• Work order
In the entries that follow, the line with "Men Quarter Zip Pullover - Blue" opens the range and the line with "Y85N.com factory computer" closes it; repeat that range exactly, both lines included.
========
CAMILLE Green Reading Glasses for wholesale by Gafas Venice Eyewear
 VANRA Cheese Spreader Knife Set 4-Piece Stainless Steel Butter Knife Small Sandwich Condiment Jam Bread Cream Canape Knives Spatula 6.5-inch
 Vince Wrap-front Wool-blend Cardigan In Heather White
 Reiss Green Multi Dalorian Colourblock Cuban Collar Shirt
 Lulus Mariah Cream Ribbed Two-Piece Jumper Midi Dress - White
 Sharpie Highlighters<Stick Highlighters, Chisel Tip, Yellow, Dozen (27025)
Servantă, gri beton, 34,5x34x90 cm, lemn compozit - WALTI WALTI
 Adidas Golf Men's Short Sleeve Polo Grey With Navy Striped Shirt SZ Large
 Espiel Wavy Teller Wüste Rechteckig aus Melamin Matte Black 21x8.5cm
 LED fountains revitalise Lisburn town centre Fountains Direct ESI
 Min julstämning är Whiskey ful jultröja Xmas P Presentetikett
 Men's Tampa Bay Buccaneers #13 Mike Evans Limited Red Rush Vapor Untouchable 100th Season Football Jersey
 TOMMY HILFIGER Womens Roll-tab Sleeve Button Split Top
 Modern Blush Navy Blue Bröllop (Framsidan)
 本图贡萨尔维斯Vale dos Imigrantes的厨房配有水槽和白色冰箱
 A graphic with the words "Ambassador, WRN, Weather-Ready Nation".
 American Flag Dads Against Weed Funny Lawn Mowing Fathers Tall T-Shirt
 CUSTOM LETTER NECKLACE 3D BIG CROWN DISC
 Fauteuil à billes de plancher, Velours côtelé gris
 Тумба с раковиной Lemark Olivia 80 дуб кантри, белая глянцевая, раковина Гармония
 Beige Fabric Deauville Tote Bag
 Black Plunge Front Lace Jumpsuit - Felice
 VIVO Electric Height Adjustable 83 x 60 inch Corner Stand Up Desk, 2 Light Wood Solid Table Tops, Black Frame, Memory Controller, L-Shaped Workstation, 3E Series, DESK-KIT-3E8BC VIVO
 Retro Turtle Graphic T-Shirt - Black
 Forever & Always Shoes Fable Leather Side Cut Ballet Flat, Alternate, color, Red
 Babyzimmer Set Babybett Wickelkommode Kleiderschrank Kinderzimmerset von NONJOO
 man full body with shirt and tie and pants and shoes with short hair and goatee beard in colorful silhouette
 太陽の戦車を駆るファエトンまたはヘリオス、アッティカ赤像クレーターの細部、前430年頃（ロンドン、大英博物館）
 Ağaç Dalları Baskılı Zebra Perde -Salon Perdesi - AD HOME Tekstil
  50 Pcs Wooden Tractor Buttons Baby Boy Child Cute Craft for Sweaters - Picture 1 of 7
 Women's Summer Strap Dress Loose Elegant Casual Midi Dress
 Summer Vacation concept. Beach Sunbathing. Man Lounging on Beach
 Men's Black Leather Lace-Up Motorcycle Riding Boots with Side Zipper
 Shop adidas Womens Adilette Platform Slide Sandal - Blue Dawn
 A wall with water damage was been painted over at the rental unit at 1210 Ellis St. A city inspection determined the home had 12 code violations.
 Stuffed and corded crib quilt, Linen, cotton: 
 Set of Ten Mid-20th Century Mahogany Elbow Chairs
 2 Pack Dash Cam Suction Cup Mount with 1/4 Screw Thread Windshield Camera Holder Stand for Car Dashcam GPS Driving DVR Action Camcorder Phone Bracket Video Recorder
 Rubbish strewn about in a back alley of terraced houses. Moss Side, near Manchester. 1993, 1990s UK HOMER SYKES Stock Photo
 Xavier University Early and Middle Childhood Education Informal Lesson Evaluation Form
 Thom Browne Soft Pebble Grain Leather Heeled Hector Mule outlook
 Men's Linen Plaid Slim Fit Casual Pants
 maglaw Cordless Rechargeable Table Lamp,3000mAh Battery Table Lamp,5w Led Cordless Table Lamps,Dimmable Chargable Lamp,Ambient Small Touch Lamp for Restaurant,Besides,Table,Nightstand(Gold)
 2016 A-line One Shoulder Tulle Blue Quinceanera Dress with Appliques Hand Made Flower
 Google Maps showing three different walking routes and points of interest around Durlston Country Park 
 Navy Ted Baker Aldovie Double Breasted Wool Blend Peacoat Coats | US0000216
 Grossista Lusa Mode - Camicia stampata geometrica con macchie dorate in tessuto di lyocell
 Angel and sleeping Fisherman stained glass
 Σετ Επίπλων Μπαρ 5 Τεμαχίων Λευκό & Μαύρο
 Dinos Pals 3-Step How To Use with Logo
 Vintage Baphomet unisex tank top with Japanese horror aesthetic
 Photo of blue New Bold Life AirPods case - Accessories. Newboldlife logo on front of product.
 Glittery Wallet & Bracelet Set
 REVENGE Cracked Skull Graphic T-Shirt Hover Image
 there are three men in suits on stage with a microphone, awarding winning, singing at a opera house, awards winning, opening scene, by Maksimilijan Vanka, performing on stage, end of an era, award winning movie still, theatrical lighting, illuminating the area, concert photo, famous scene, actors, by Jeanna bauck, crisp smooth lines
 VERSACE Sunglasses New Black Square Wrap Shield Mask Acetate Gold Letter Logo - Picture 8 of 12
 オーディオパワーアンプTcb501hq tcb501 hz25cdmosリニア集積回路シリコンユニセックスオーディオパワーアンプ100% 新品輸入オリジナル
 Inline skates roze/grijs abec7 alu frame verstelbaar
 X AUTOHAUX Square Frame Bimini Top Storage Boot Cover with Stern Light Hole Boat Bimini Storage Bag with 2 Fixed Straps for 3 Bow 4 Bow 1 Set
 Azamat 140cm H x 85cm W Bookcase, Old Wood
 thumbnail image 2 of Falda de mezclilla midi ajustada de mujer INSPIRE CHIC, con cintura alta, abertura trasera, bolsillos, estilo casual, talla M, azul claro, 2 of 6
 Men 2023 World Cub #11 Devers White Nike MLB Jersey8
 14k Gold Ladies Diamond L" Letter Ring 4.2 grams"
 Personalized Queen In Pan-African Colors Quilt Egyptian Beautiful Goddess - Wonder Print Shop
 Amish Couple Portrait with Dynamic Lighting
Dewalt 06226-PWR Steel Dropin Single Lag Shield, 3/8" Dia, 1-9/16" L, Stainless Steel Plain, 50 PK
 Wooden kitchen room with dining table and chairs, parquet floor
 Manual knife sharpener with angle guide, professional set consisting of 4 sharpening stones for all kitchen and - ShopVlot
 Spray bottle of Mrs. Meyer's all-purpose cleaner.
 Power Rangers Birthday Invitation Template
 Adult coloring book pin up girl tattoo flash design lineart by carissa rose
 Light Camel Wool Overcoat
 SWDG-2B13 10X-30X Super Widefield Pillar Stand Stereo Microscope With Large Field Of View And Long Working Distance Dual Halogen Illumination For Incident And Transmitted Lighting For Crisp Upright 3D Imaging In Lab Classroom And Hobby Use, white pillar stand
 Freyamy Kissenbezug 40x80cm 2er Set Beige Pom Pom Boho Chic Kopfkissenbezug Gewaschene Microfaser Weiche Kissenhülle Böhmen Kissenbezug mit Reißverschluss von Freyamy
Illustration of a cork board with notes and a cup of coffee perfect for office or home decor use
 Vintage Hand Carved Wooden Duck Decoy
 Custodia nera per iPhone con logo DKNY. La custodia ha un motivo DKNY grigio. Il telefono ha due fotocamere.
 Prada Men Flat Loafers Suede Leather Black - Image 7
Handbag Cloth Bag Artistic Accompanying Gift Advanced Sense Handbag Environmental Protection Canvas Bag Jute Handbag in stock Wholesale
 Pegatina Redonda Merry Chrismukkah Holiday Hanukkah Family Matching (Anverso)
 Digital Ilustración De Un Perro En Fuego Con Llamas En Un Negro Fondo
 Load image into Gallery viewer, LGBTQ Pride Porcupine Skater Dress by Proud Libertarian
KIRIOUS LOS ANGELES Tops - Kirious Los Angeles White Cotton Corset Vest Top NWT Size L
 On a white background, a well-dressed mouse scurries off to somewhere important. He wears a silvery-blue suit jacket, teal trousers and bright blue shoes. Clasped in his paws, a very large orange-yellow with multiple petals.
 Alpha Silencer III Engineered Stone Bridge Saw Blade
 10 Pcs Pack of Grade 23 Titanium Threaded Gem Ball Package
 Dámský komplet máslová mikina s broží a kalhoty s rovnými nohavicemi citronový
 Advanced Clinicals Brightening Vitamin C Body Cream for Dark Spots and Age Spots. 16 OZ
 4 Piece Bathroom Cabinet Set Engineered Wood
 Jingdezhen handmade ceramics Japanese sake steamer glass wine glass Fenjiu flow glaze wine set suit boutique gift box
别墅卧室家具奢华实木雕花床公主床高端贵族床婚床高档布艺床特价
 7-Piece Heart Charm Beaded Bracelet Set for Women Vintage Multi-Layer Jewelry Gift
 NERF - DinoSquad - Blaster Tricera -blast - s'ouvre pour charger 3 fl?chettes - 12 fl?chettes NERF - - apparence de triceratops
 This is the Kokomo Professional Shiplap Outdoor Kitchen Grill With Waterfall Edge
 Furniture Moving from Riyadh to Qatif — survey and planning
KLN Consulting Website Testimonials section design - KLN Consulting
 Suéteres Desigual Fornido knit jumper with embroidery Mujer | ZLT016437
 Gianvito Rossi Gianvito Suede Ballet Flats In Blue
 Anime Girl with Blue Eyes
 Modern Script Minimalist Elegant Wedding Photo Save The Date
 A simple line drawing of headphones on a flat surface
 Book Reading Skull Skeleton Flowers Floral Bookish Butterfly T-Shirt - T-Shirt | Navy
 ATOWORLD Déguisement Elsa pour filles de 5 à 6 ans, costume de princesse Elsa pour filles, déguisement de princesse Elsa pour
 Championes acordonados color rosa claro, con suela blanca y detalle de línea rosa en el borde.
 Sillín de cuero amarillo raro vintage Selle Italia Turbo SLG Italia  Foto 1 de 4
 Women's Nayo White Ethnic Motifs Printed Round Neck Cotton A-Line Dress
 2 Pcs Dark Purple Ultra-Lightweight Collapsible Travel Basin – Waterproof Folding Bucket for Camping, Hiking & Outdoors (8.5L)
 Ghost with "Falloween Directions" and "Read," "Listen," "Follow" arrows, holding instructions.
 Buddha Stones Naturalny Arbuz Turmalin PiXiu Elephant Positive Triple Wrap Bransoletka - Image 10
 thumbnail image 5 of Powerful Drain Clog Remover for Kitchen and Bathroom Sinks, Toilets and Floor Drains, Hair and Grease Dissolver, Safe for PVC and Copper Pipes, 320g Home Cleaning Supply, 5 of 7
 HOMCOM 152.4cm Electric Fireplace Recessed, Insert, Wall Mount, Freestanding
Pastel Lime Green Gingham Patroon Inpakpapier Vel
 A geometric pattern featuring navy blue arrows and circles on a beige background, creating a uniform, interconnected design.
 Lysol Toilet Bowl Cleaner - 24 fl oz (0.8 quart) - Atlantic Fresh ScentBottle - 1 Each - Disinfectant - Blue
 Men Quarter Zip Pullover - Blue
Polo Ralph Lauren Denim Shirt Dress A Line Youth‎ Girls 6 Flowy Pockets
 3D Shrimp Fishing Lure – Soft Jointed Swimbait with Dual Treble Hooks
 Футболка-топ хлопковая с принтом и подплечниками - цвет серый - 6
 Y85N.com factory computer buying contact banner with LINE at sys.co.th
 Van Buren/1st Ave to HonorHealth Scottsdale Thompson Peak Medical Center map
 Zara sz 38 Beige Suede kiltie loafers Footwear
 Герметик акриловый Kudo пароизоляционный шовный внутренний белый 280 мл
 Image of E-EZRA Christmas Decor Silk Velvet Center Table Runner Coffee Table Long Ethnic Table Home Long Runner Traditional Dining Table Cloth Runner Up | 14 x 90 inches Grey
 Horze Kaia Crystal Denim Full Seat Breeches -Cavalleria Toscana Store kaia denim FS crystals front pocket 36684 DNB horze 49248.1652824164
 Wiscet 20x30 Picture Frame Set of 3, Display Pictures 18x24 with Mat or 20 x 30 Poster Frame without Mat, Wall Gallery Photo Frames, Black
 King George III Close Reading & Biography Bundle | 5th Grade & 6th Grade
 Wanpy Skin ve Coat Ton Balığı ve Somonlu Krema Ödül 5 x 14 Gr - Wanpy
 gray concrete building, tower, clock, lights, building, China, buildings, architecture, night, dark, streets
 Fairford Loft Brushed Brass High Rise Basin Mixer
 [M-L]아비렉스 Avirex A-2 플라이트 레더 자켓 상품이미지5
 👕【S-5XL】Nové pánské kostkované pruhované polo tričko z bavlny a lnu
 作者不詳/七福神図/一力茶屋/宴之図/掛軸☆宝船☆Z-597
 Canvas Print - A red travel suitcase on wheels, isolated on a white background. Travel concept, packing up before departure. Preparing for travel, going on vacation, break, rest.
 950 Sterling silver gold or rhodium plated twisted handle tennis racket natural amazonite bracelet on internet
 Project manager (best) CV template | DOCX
========
• Result of this exercise
 Men Quarter Zip Pullover - Blue
Polo Ralph Lauren Denim Shirt Dress A Line Youth‎ Girls 6 Flowy Pockets
 3D Shrimp Fishing Lure – Soft Jointed Swimbait with Dual Treble Hooks
 Футболка-топ хлопковая с принтом и подплечниками - цвет серый - 6
 Y85N.com factory computer buying contact banner with LINE at sys.co.th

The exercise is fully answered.